* [Dataset records]
- - -
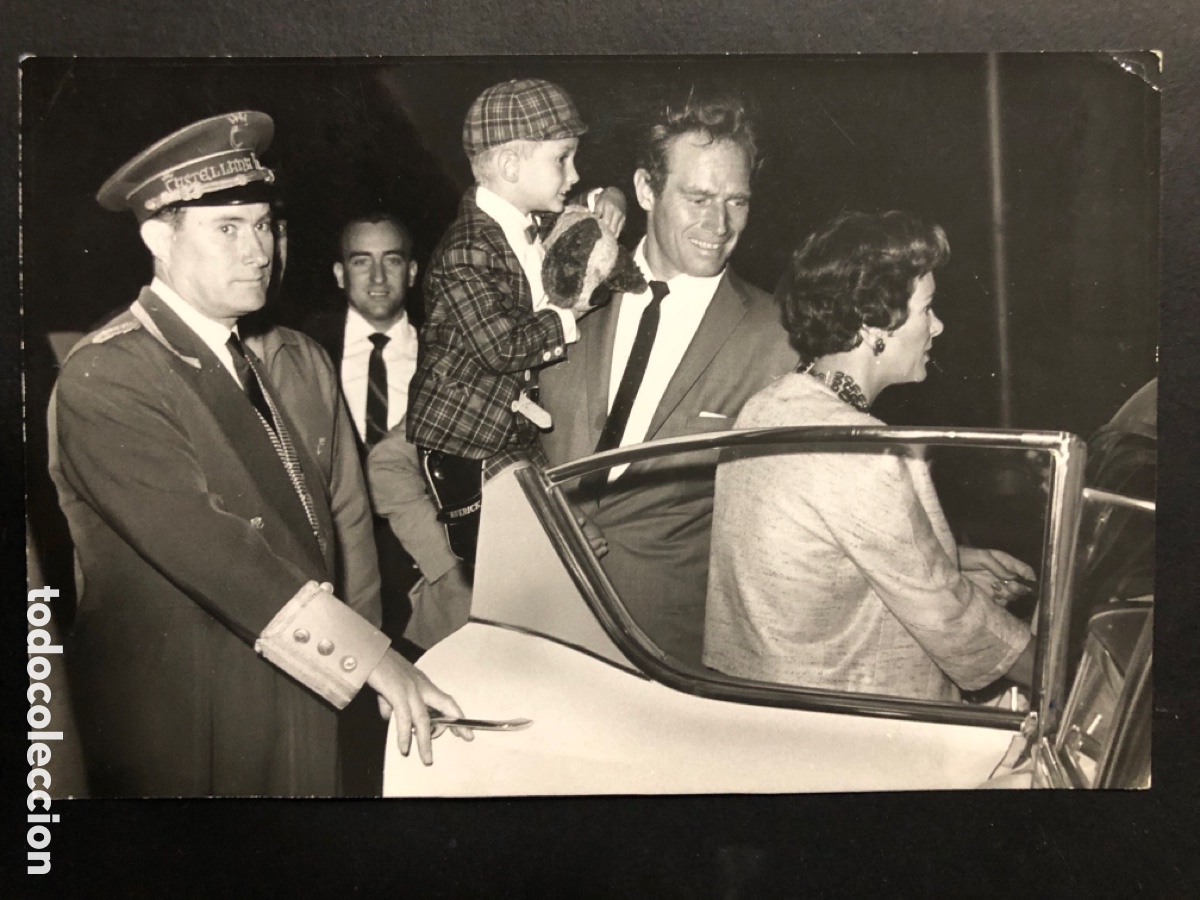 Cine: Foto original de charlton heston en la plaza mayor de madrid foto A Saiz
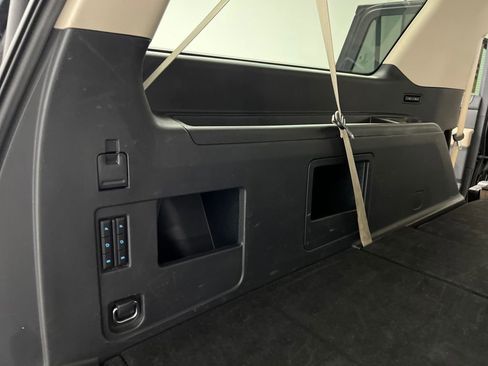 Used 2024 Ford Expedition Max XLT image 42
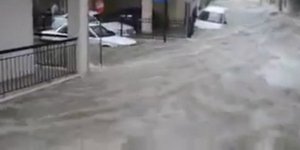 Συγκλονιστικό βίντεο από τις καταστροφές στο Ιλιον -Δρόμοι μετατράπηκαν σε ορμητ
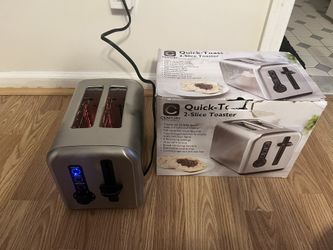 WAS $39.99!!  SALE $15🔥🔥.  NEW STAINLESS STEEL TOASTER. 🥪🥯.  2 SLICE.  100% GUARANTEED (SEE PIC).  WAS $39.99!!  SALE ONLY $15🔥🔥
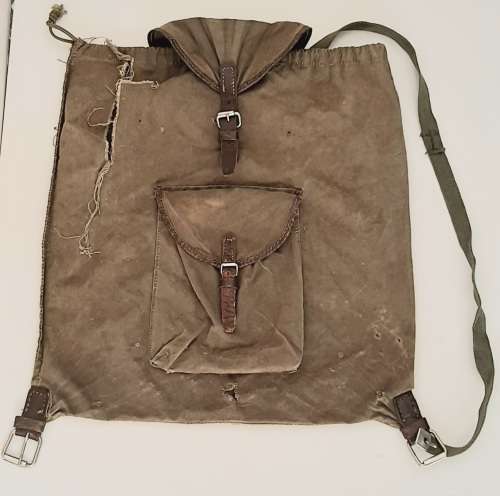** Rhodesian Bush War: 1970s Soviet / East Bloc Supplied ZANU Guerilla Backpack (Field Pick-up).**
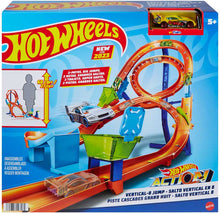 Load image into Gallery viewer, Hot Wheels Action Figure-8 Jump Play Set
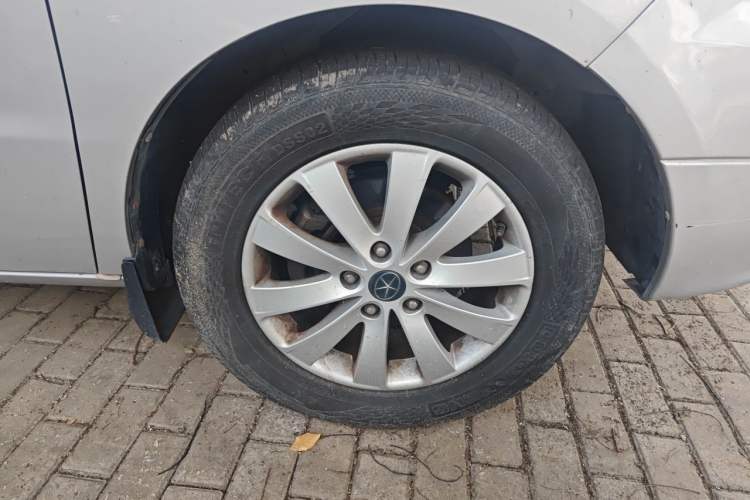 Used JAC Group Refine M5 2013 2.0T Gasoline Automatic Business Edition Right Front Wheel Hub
- - -
* [Prompt]
Give exactly the lines above that run from the line with "Used 2024 Ford Expedition Max XLT image 42" to the line with "SALE ONLY $15🔥🔥", both included, leaving every picture out.

* [Answer box]
 Used 2024 Ford Expedition Max XLT image 42
 Συγκλονιστικό βίντεο από τις καταστροφές στο Ιλιον -Δρόμοι μετατράπηκαν σε ορμητ
 WAS $39.99!!  SALE $15🔥🔥.  NEW STAINLESS STEEL TOASTER. 🥪🥯.  2 SLICE.  100% GUARANTEED (SEE PIC).  WAS $39.99!!  SALE ONLY $15🔥🔥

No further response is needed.